Functions in C cannot return matrixes directly, you would have to use double pointers. An array with pointers to each array corresponding to a line of matrix.

C中的函数不能直接返回矩阵,你必须使用双指针。一个数组,指向每个数组,对应一行矩阵。

This adds rather unecessary complication to your problem, though, and would require allocating memory to the returned buffer which is something to be avoided (and also you can't return a pointer to a local variable, it will crash).

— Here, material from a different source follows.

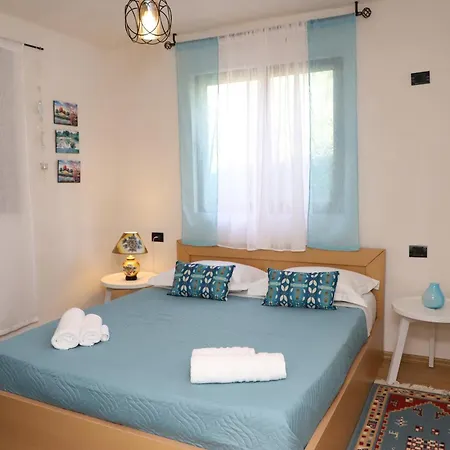 Βίλα Bujtina Ethan Perondi *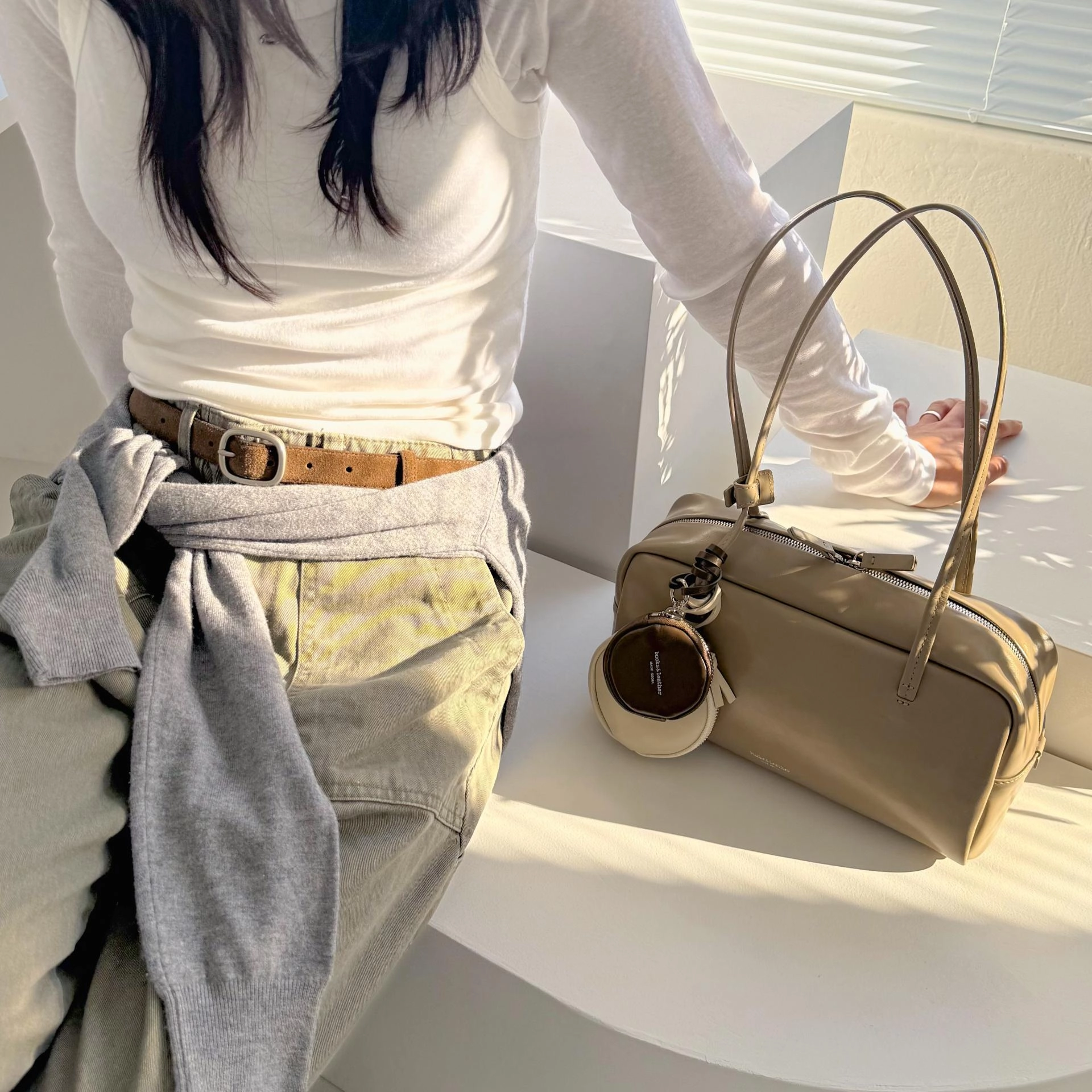 25mm volume belt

这会给你的问题增加相当不必要的复杂性,并且需要将内存分配给返回的缓冲区,这是要避免的(并且你也不能返回指向局部变量的指针,它会崩溃)。

I believe the best solution in your case, is to not return any value at all. Simply provide multiply() with a buffer it can use to store the results:

我相信在你的情况下,最好的解决方案是不返回任何价值。只需为multiply()提供一个可用于存储结果的缓冲区:

#define SIZE 2
void multiply(int res[SIZE][SIZE], int mat1[SIZE][SIZE], int mat2[SIZE][SIZE])
{
    int i, j, k, sumElement;
    for (i = 0; i < SIZE; i++) {
        for (j = 0; j < SIZE; j++) {
            sumElement = 0;
            for (k = 0; k < SIZE; k++) {
                sumElement += mat1[i][k] * mat2[k][j];
            }
            res[i][j] = sumElement;
            printf("sumElement: %d\n", sumElement);
        }
    }
}

And use the function like this:

并使用这样的功能:

int main()
{
    int mat1[SIZE][SIZE] = {{2,3},{4,5}};
    int mat2[SIZE][SIZE] = {{6,7},{8,9}};
    int res[SIZE][SIZE];

    multiply(res, mat1, mat2);

    int i, j;
    for(i = 0; i < SIZE; i++) {
        for (j = 0; j < SIZE; j++) {
            int getEl = res[i][j];
            printf("%d ", getEl);
        }
        printf("\n");
    }
    return 0;
}

Note that native matrixes are not very versatile and can be a tricky thing to to pass as paramter to other functions, because the function will have to know the dimensions of this matrix at compile time otherwise it won't work. The only way to make a function that can handle matrixes of any dimension is making it work with double pointers.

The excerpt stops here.